Freedom and the rescue of the Chilean miners




The ongoing rescue of the miners in Chile may well go down in history as one of the most amazing events of our time.

Here in a short video clip (above), two members of the Wall Street Journal's Editorial Page, Deputy Editor Daniel Heninnger and "The Americas" columnist Mary Anastasia O'Grady, explain some very important lessons from this moving rescue.

They make the point that the technology that made the rescue possible came from far-flung businesses specializing in very niche equipment, and that only capitalism enables such innovation and only capitalism can effectively bring such diverse resources to bear on solving difficult problems.

The great advocate of capitalism and freedom, Milt Friedman, explained this lesson in his famous lecture on the pencil (see here for a short 2-minute video of Milt Friedman explaining it as only he can; note also that he thinks the graphite probably came "from some mines in South America").

The Journal writers also point out the difference in the Chilean response, welcoming the technology from firms based in other countries, to the rebuff the US gave after the gulf oil spill to ships from other countries, based on anti-market laws on the books for decades (as we discussed here).

We would also draw a parallel between the role of capitalism in the ability to rescue miners lost for weeks, half a mile below the surface of the earth, and the role of capitalism in the ability to put a man on the moon back in 1969. As we discussed on the fortieth anniversary of that momentous event, "during the 1960s, the space program was very much seen by the entire world as a contest between two nations with very different views about the best way to allocate limited resources."

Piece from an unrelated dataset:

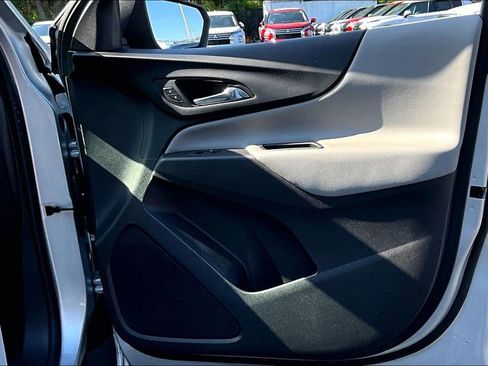 Used 2021 Chevrolet Equinox LS w/ LS Convenience Package FWD image 27
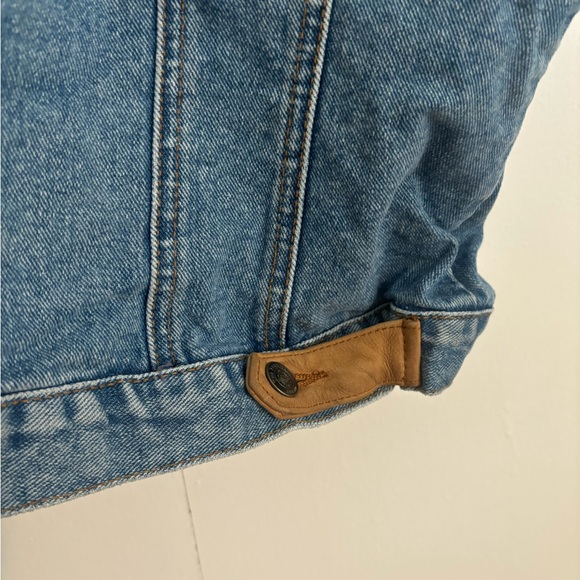 Vintage Blue Denim Vest - Picture 6 of 6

It is valuable to think about the contrast between free-market capitalism and anti-market protectionism, because that battle is still going on today. The dramatic rescue of the Chilean miners underscores the fact that capitalism really promotes life and freedom, or, as Milt Friedman said so long ago: "That is why the operation of the free market is so essential -- not only to promote productive efficiency, but also to foster harmony and peace among the peoples of the world."